Quant à ma santé, je suis toujours sous le coup d'une blessure interne qui nécessiterait une opération des plus douloureuses pour laquelle, quoiqu'endormi, j'ai peu d'attrait.
A cette nouvelle, notre chère Carmélite, cet ange gardien de la famille, m'a écrit pour m'en dissuader et m'a envoyé de l'huile de la Ste [ill] en grande vénération au Carmel, en m'annonçant une neuvaine pour ma guérison. Quoique je souffre encore pas mal, je vais pourtant mieux et nous irons probablement à la Sumiane Dimanche. Je suis entièrement entre les mains de Dieu.

Adieu, reçois mes plus tendres embrassemants.
A. Fine
Thérésine insiste pour te remercier en son nom de ton souvenir, elle est bien dévouée.
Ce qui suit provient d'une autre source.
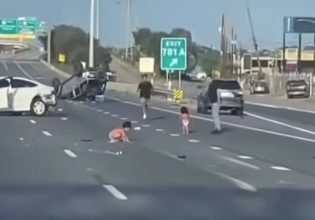 Σοκαριστικό βίντεο: Νήπια βρέθηκαν στη μέση του δρόμου μετά από τροχαίο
Lettre d'Albert à Mimi du 12 Août 1895

Marseille le 12 Août 1895

Chère Mimi
J'ouvre la lettre de ta mère pour venir m'associer aux souhaits qu'elle t'envoie à l'occasion du 15 août.

Les tiens, chère amie, me sont arrivés le 6 au soir mélés avec les fleurs qui m'ont été offertes et ont eu le même parfum. Je deviens bien vieux pour espérer de vous être conservé longtemps encore, dans tous les cas je conserverai l'affection de tous mes enfants sans que l'éloignement ait pu amoindrir la tienne.

Mes souhaits pour toi sont tous de l'ordre spirituel, car quels biens pourrais-tu désirer encore ? Comme Marie de l'Evangile tu as choisi la meilleure porte. Je demanderai donc à N/Seigneur le 15 août qu'il te fasses goûter les jouissances qu’un époux peut procurer à son épouse, tandis qu’à nous, il nous aime comme un père, et nous n’entrons pas aussi intimement en relation avec lui. C’est de toute justice car nous n’avons pas tout quitté pour lui.

Je ne puis pas te promettre d’aller te voir, mais si Albert entreprend le voyage d’affaires que j’ai en vue, je te l’enverrai en précurseur, et tu jugeras toi-même quel bon garçon il est ; et si Xavier réussissait ses examens pour Saint Cyr, il deviendrait presque ton voisin.

Adieu, chère et tendre enfant, reçois les plus affectueux embrassements de ton bien dévoué père.